I programmed a filter which simply inverts an image. I noticed that copying the image (900kb) to the device takes around 4 ms. I think I’m doing something wrong.
// Filter values
int filterStart = startY * stride + startX * pixelSize;
int filterWidth = stopX - startX;
int filterHeight = stopY - startY;
//// Threads properties
int threads = 256;
int blocks = filterHeight / threads + 1;
// Debug information
printf("blocks: %d threads: %d \n", blocks, threads);
printf("invert => filterHeight: %d filterWidth: %d filterStart: %d pixelSize: %d stride: %d img_length: %d \n", filterHeight, filterWidth, filterStart, pixelSize, stride, img_length);
// Allocate memory on device
BYTE* img_d;
cudaMalloc(&img_d, img_length);
// Copy complete image to device
cudaMemcpy(img_d, img, img_length, cudaMemcpyHostToDevice);
//Call kernel function for each line
invertCuda<<<blocks, threads>>>(img, filterHeight, filterWidth, filterStart, pixelSize, stride);
printf("%s\n", cudaGetErrorString(cudaPeekAtLastError()));
printf("%s\n", cudaGetErrorString(cudaThreadSynchronize()));
// Copy image back to host
cudaMemcpy(img, img_d, img_length, cudaMemcpyDeviceToHost);
// Free memory
cudaFree(img_d);
The call invertCuda<<<blocks, threads>>> returns almost immediately, it does not wait for the operation to complete.

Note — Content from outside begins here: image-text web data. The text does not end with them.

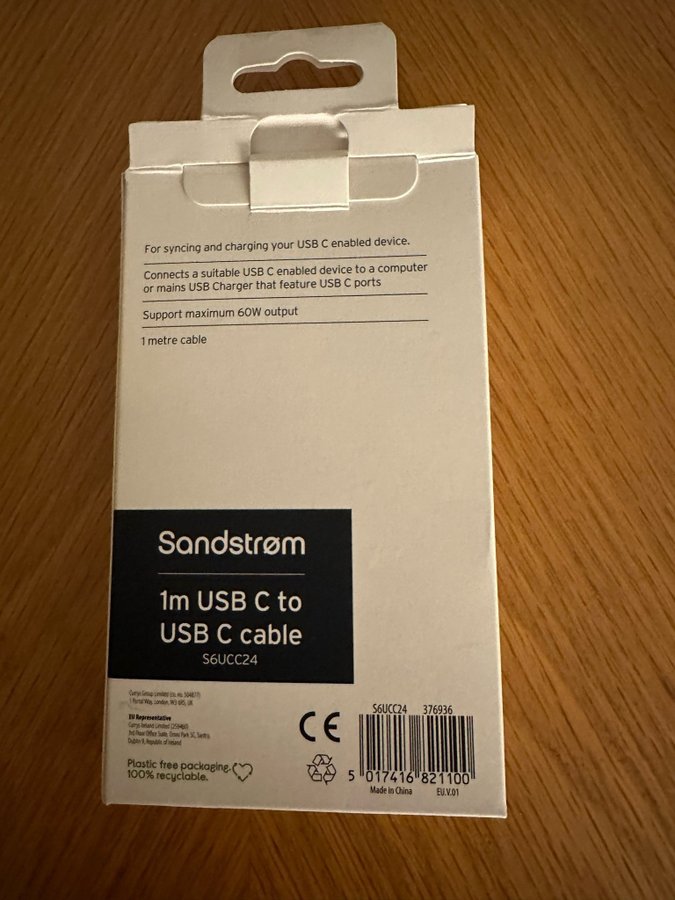 Sandstrom 1m USB C till USB C-kabel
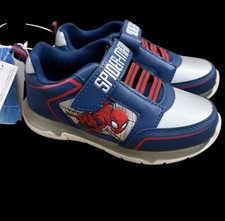 Kids Marvel Spider-Man Boys Light-Up Sneakers Blue Red Silver Size 12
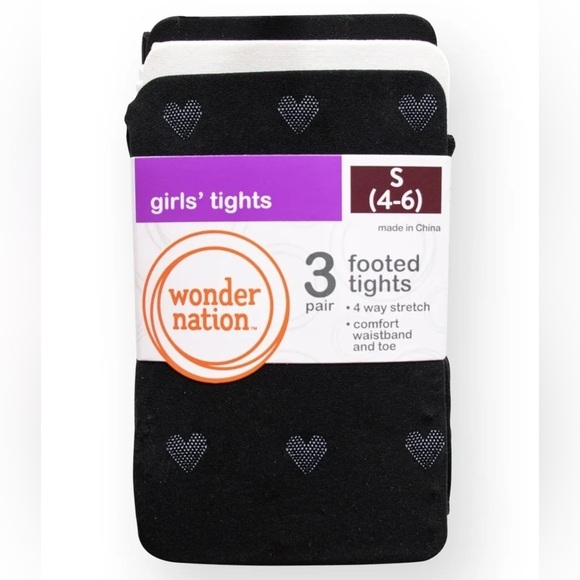 wonder nation Other - Wonder Nation Girls Large 10/12 Black White Footed Tights 3 Pair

Then when you call cudaMemcpy for the second time, first it waits for the kernel to finish, then it waits for the copy operation to complete. So the number you see in “Time for calculating inverted image” is just 30 microseconds and the number you see in “Time for copying memory back to host” is really the total time to invert + to copy.
You could get correct numbers by adding a call to cudaThreadSynchronize() after invertCuda<<<blocks, threads>>>.
0.65 ms to copy 900 kb is 1.4 Gb/s. You should do better, I think. 3.5 to 5 Gb/s is what people usually see. There’s an app called bandwidthTest in CUDA SDK, did you try to run that?
Your calculation is very accurate. It seems like my device is slow. The test produced the following results:
Unpinned memory
Pinned memory
So this means I need to reduce the amount of data copied to the device as much as possible, since it’s the bottle neck. Additonally switching to pinned memory might also increase the speed drastically.
Here are the new values with your fix:
/edit
Why does allocating memory take that much time? Possible due to very fragmented RAM on my device?
The first CUDA function you call will be slow because it also has to create the CUDA context. If you want to test this, time a second copy after the first one and see if it takes the same amount of time.
As far as I can tell, cudaMalloc involves running some kind of kernel internally. In my tests its execution time scales with allocation size, and in inverse proportion to the GPU clock. Does not really make sense why this is happening (the only thing that could explain the behavior is if the device was clearing the memory inside cudaMalloc, but documentation says explicitly that it is not so.) But that’s the way things are. On a GeForce 560 (which is about 20 times faster than your Quadro 770M), the relationship is 0.048 ms per megabyte.
I tried debugging this a little; most of the time is spent inside a system function called D3DKMTCreateAllocation2, which, in turn, seems to call a kernel-mode driver. At that point, the trail goes cold. We’d have to ask people who wrote the driver.
Edit: and it’s only happening in Windows. The Linux driver does not have the problem, all calls to cudaMemcpy (except the first one) take 0.03-0.05 ms.
Wow thanks a lot for your help! I was also experimenting some more. I’m allocating the memory now once and use it for each frame without deallocating it. The deallocation happens in the end of the stream. This kind of works but I’m having trouble, if I combine two filters. But I need to do some more testing, since it really doesn’t make sense. So prolly my testframework is buggy or something.
I guess it shouldn’t be a problem not to deallocate memory after a CUDA call and to reuse it without freeing it?